The question of localizing or adjusting these two classes of landscape elements to the various elements of the natural topography of the Park next occurs, the study of which must begin with the consideration that the Park is to be surrounded by an artificial wall twice as high as the Great Wall of China composed of urban buildings. Wherever this should appear across a meadow view, the imagination would be checked abruptly at short range. Natural objects were thus required to be interposed, which, while excluding the buildings as much as possible from view, would leave an uncertainty as to the occupation of the space beyond, and establish a horizon line, composed as much as possible, of verdure. No one looking into a closely grown wood can be certain that at a short distance back there are not glades or streams, or that a more open disposition of trees does not prevail.

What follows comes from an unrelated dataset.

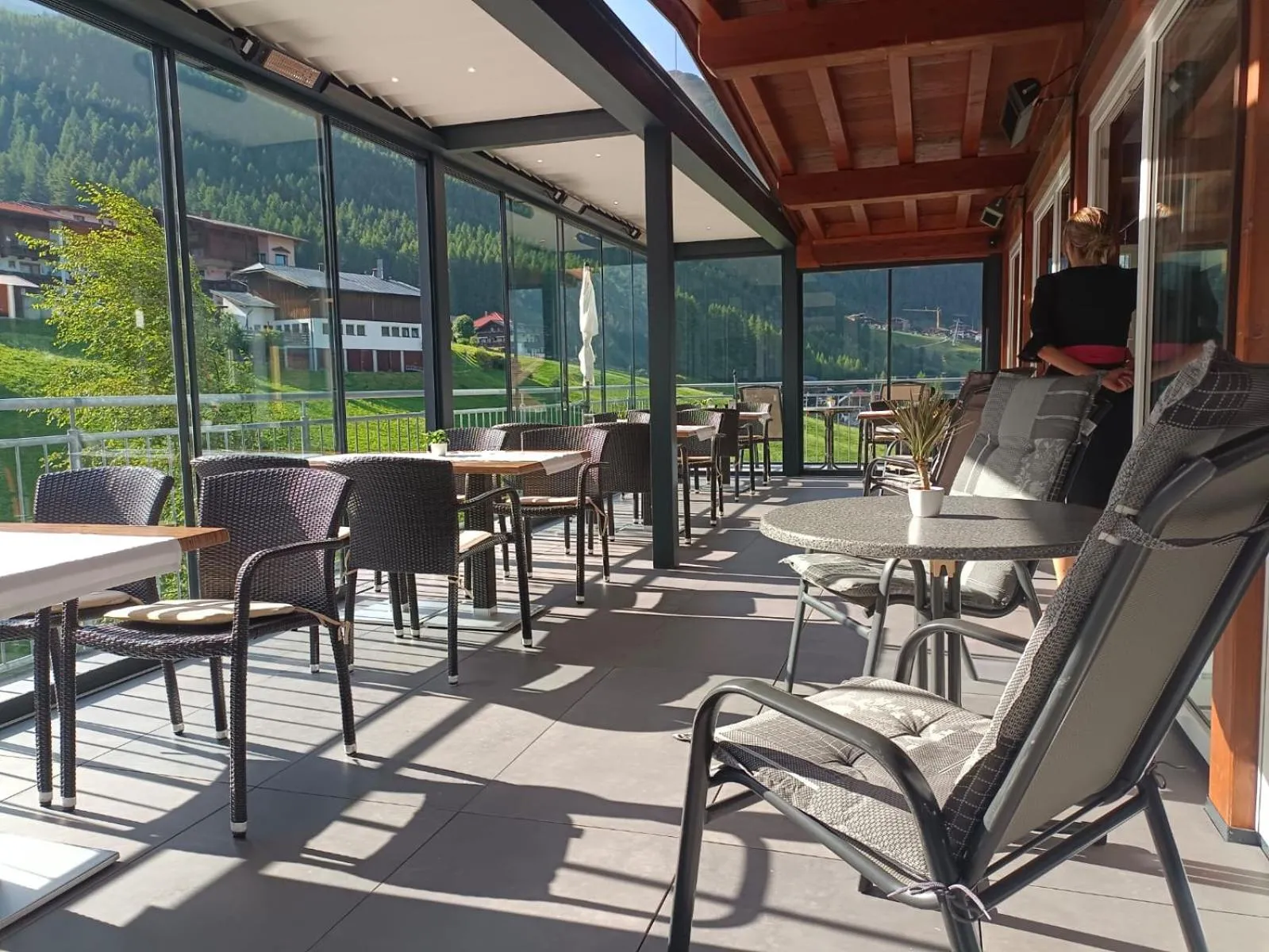 Restaurant/places to eat in Hotel Bruno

A range of high woods, then, or of trees so disposed as to produce an effect when seen from a short distance looking outwardly from the central parts of the park of a natural wood-side, must be regarded as more nearly indispensable to the purpose in view—that of relieving the visitor from the city—than any other available feature.”

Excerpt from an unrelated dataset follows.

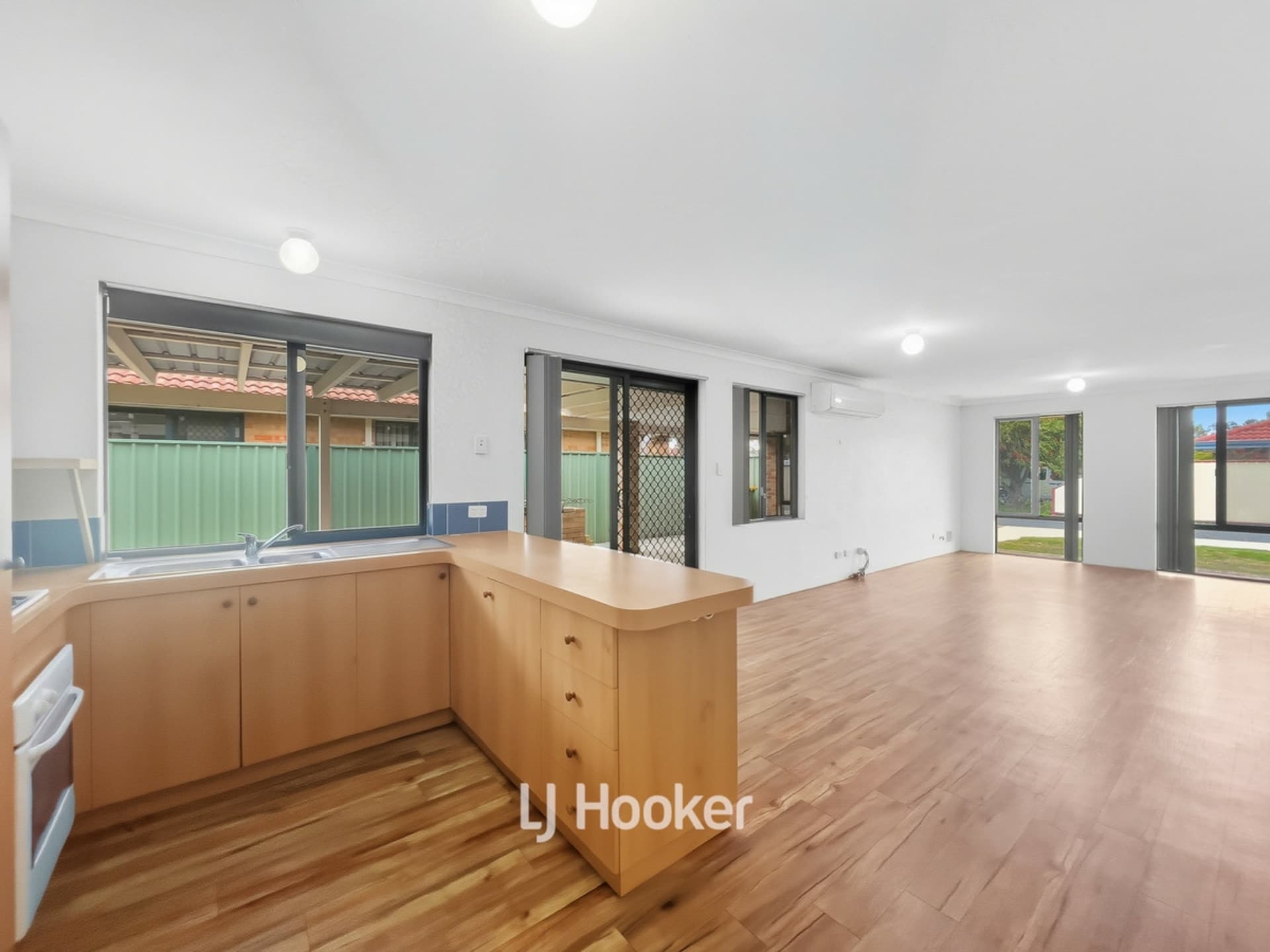 21 Honeyeater Crescent Geographe WA, Geographe - Thumbnail 8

Trees in Streets and in Parks: "There is an association between scenes and objects such as we are apt to call simple and natural, and such as touch us so quietly that we are hardly conscious of them.
Many of the latter class, while they have been the solace and inspiration of the most intelligent and cultivated men the world has known, have been enjoyed by cottagers in peasant villages, living all their lives in a meagre and stinted way. It is folly, therefore, to say of the art that would provide these forms of recreation, either that it is too high for some or too low for others.

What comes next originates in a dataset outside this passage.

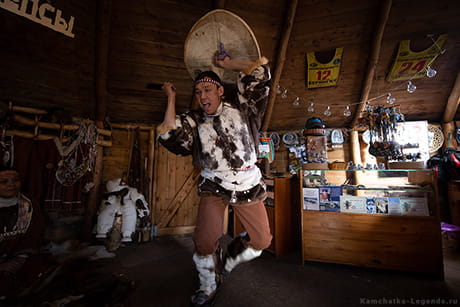 Выступление этнического коллектива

But this is to be said and said sadly: As a result of the massing of population in cities; of the centering of communication in cities; of the increasing resort to cities for recreation; of the tendency of fashions to rise in and go out from the wealthy class in cities; of the prominence given by the press to the latest matters of interest to the rich and the fashion-setting classes, and of the natural assumption that people of great wealth get that for themselves that is most enjoyable—as a result of all this—the population of our country is being rapidly educated to look for the gratification of taste, to find beauty, and to respect art, in forms not of the simple and natural class; in forms not to be used by the mass domestically, but only as a holiday and costly luxury, and with deference to men standing as a class apart from the mass.
All this tends to our impoverishment through the obscuration, supercession and dissipation of tastes which, under our older national habits, and especially under our older village habits, were productive of a great deal of happiness, and a most important source of national wealth.
And I submit that, both in the planting of village streets and in the planting of town parks, this tendency is rather to be resisted by sanitarians than to be enthusiastically pursued."